Proposed cuts to the Medicaid program under the federal health care bill, now making its way through the U.S. Senate, could mean $8.7 billion for New Hampshire’s schools, reported the Keene Sentinel. Local district leaders are speaking out:
According to administrators, Medicaid cuts would mean schools receive less federal reimbursement for services for students with disabilities than they’re getting now. That, in turn, could create budget hardships at the local level, officials say.
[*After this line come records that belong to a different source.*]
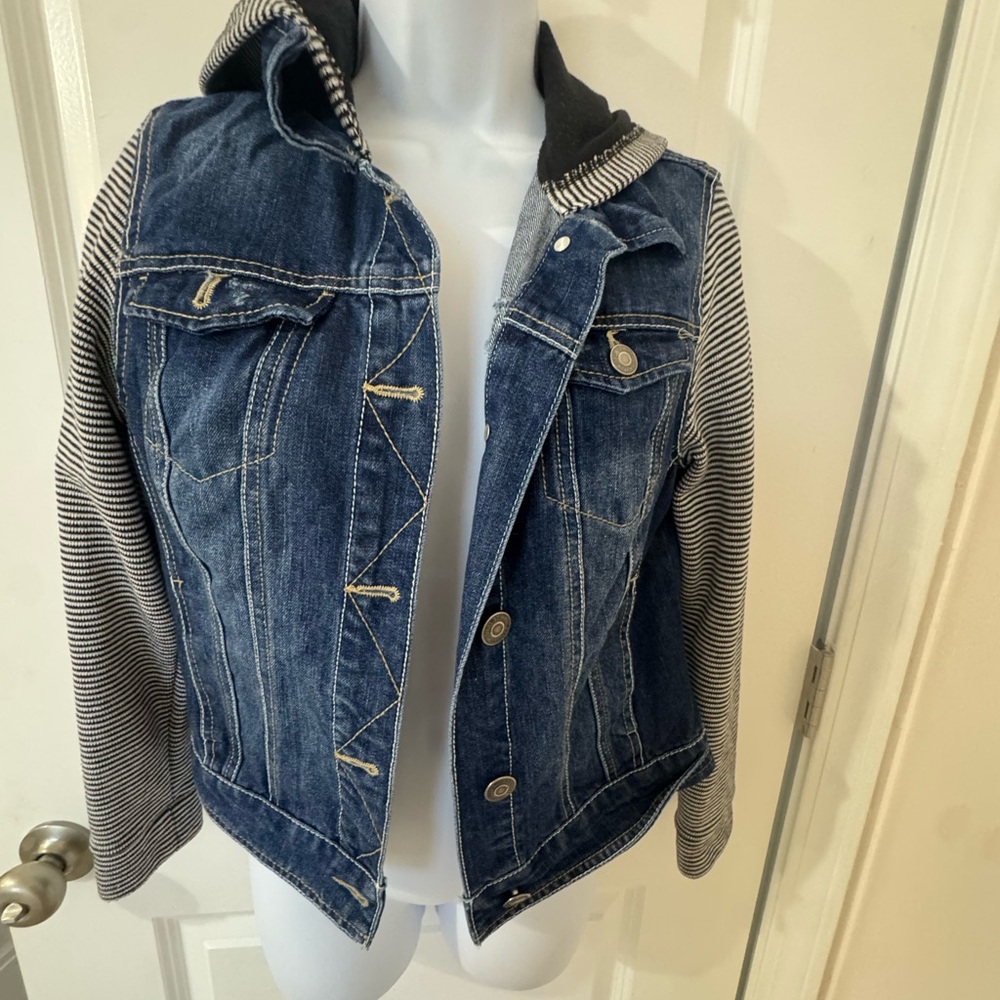 Wallflower Blue Denim Jacket with Striped Sleeves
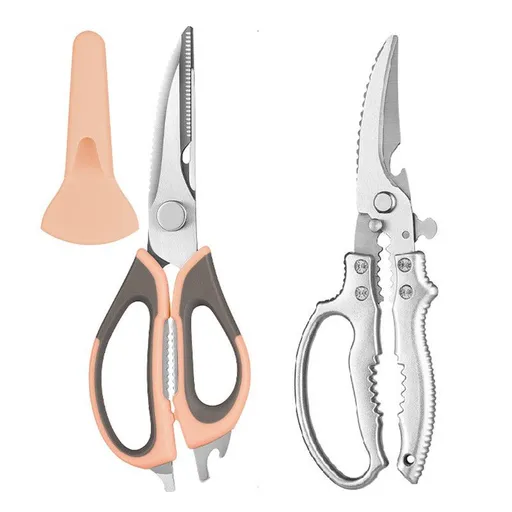 2-Pack Kitchen Scissors Set, Heavy-Duty Chicken Bone Shears & Detachable Kitchen Shears, 3Cr13 Stainless Steel & Magnetic Sheath - Pink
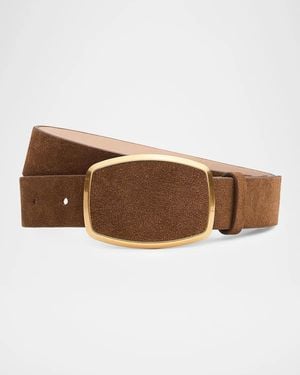 Rag & Bone Wyatt Plaque Cut-To-Size Suede Belt - Brown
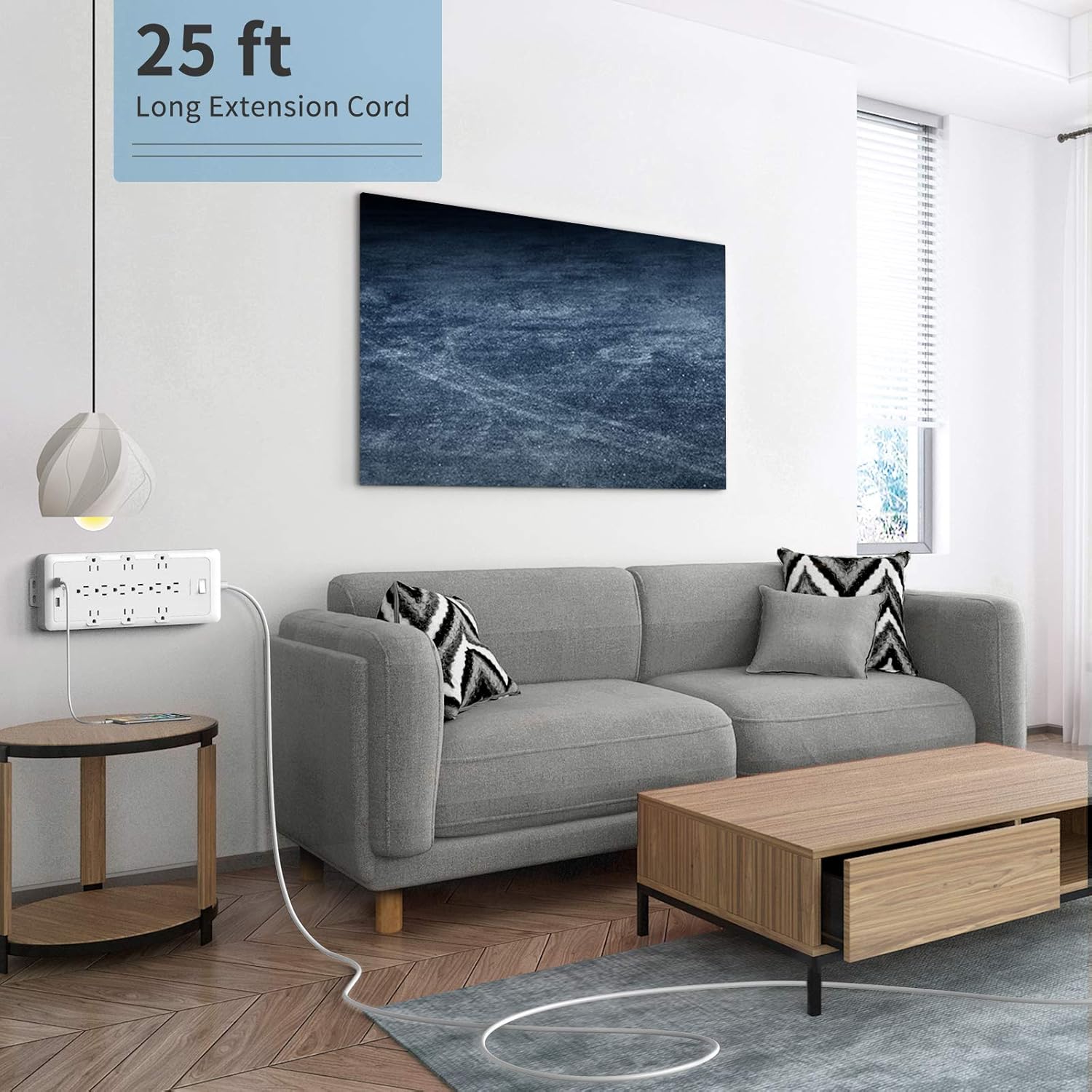 25 FT Extension Long Cord Surge Protector 4000 Joules, NTONPOWER 12 Outlets Power Strip Flat Plug with 2 USB, 6 Widely Outlets, 15A Circuit Breaker, Wall Mount Charging Station for Home Office, White Pack of 2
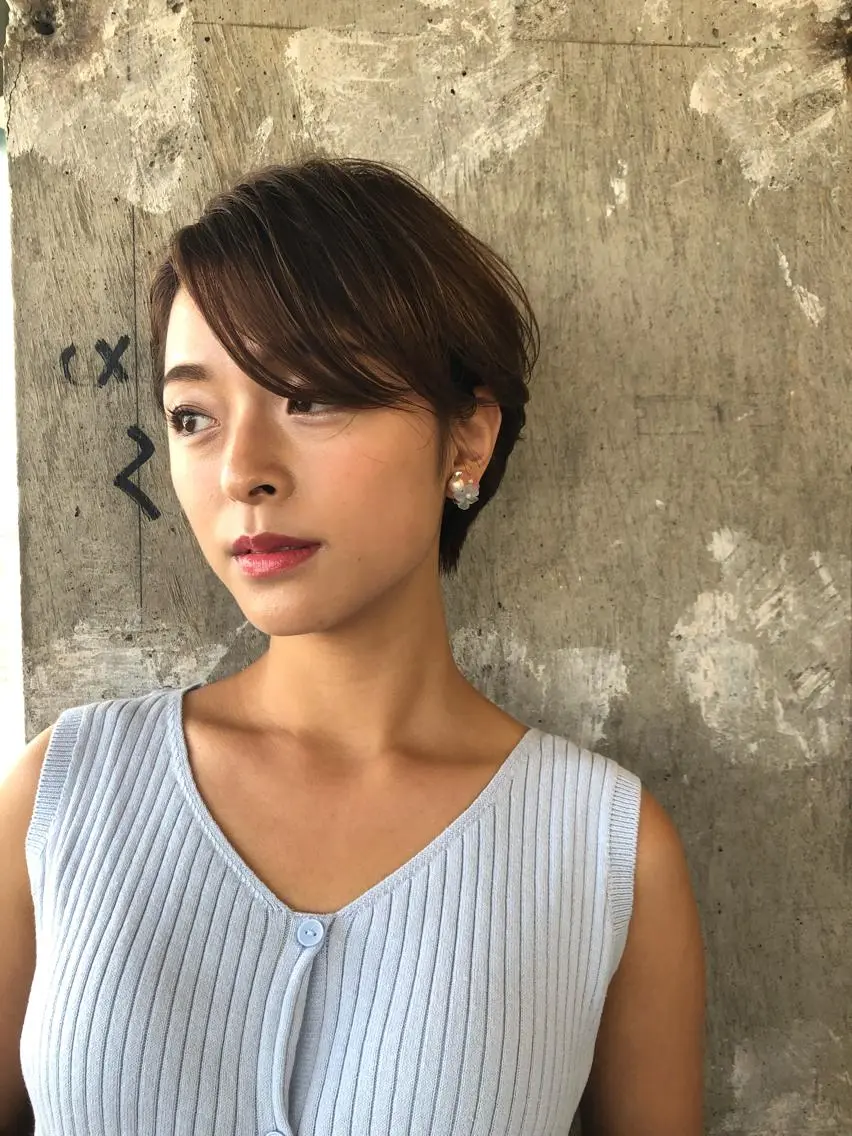 ショート カラー パーマ カット ヘアカラー トリートメント ショート/韓国ヘア Moto✂︎のヘアスタイル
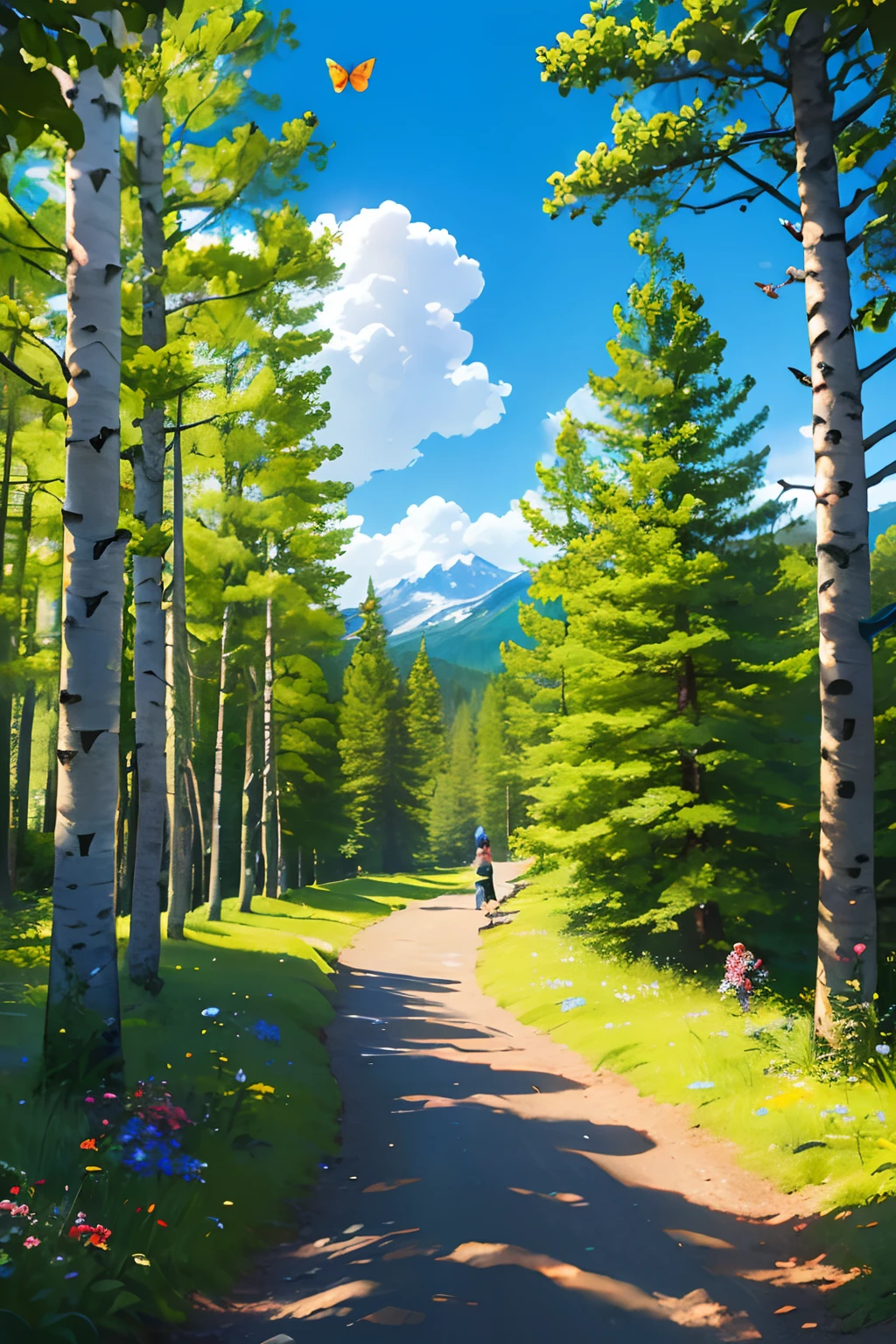 Mountain path, fir trees, birch trees, children playing, flowers, butterflies, flying birds, landscape, birds chirping, sunlight filtering through the trees, soft breeze, lush green foliage, sparkling water reflections, vibrant wildflowers, joyful laughter, carefree children's expressions, dynamic brushstrokes, mountain, harmonious composition.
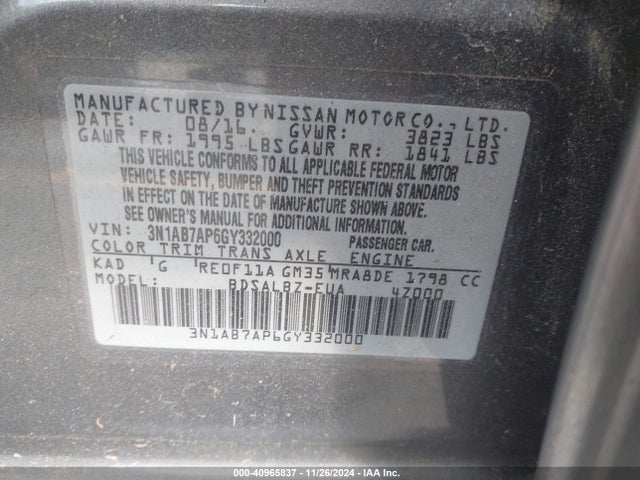 Nissan SENTRA S 2016 3N1AB7AP6GY332000 Image 9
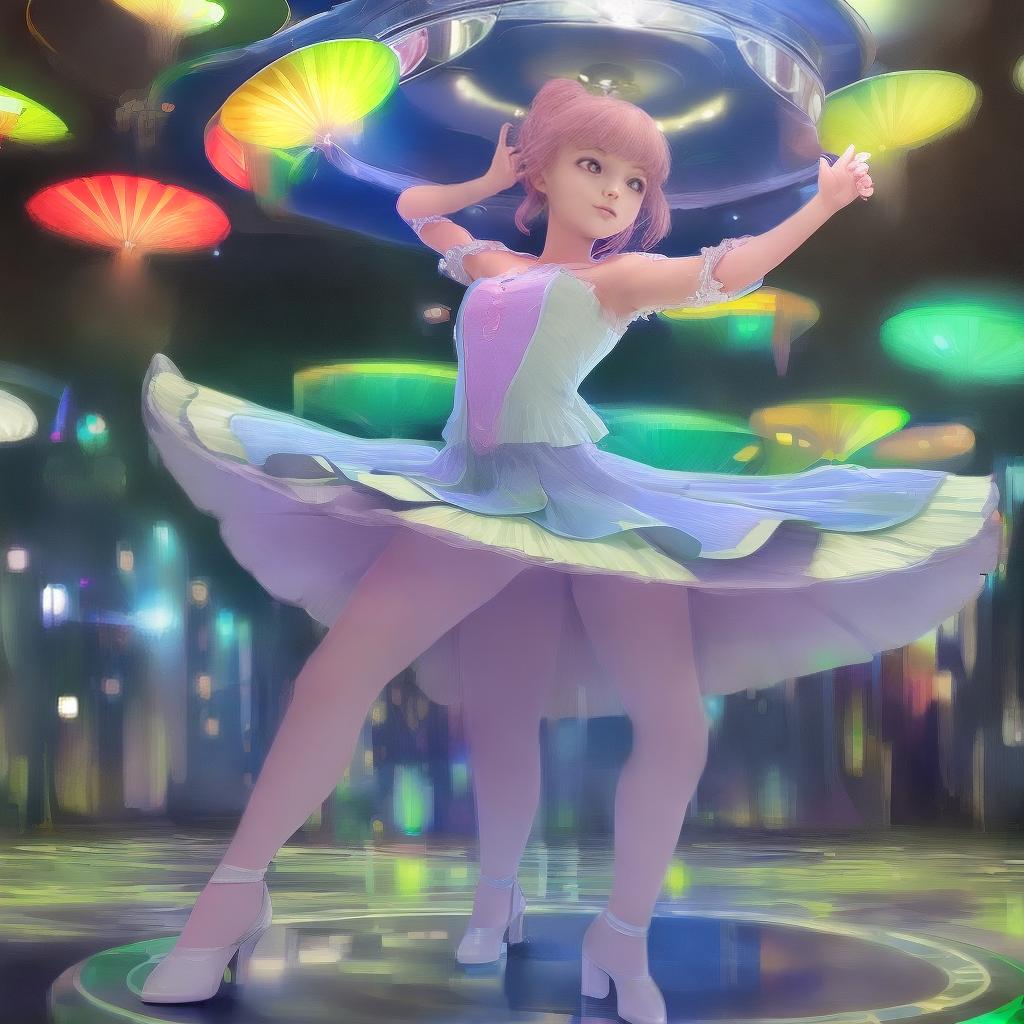 beautiful young girl dancing inside UFO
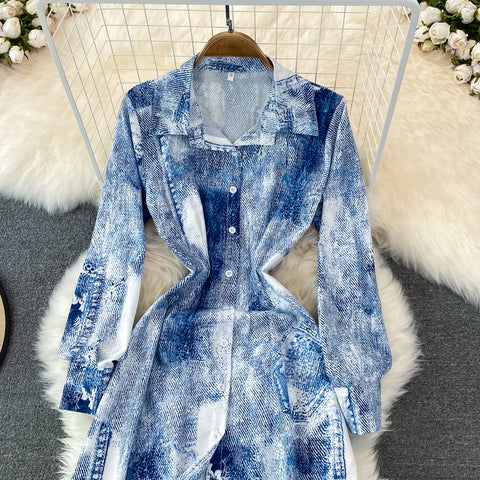 Tie-dye Oil Painting Print Dress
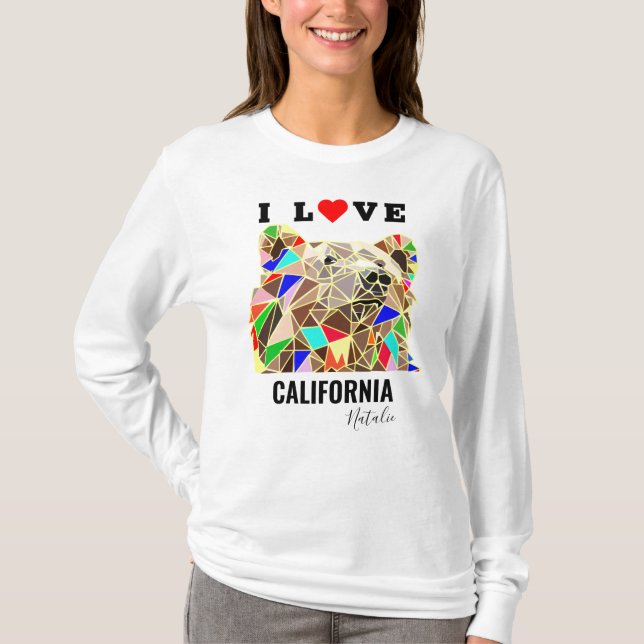 Grizzy I Liebe California Wald tragen farbenfrohe  T-Shirt (Vorderseite)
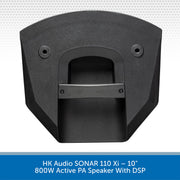 Black active PA speaker with DSP on a gray background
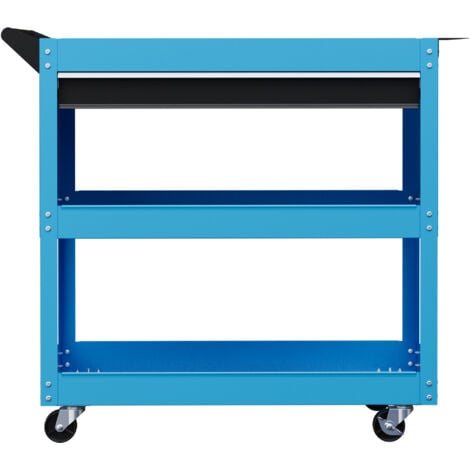 DURHAND Carrello Porta Utensili con Cassetto e 3 Ripiani in Lamiera Blu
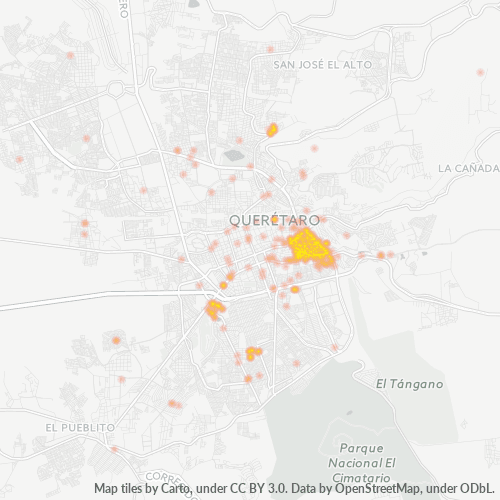 76050 Mapa de calor de densidad empresarial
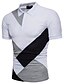 baratos Men&#039;s-Homens Camiseta Polo Colarinho de Camisa Bloco de cor Branco Preto Cinzento Claro Blusas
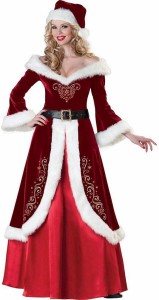 レディース サンタ ドレス 衣装 帽子 ベルトコスプレ 長袖ワンピース ロング スカート サンタクロース 仮装 コスチューム
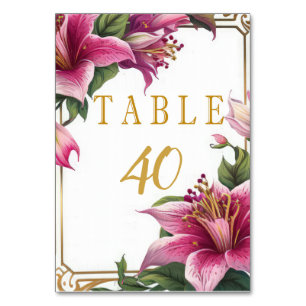 Trendy Floral Pink Stylish Wedding Table Number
Kimberly Saunders, superintendent of the Peterborough-based ConVal Regional School District, said the potential for federal funding cuts has long factored into budget planning, and that contingencies are frequently drawn up.
Now, every school district in New Hampshire receives the funds. ConVal took in $373,000 in Medicaid reimbursement last year, according to figures provided by Hassan’s office. The Keene School District received $574,000.
Reducing the Medicaid funding, Saunders said, would not reduce the legal requirements under the 1975 act. But it would mean that money for the same services would have to come from elsewhere. That, she added, would likely mean cuts to other programs. Saunders specified that if forced, she would prioritize eliminating programs over staff.
“Losing the Medicaid funding impacts the efforts of schools to continue to improve students’ success,” Saunders said. “It takes away resources from all students.”
Richard Matte, director of student services at N.H. School Administrative Unit 29, which serves schools in Keene and six other towns, said the cuts would hit local taxpayers and strain the schools’ ability to provide for disabled students.
“Cutting this funding would have a substantial impact on our local communities,” Matte said.
The federal Individuals with Disabilities Education Act requires all public schools in New Hampshire to provide services for students with disabilities. Since 1988, schools have been allowed to use Medicaid funds for low-income students with disabilities to provide those required services.
The proposed bill does not change requirements for special education services, meaning that districts will still be required to provide services despite the reduction in funding.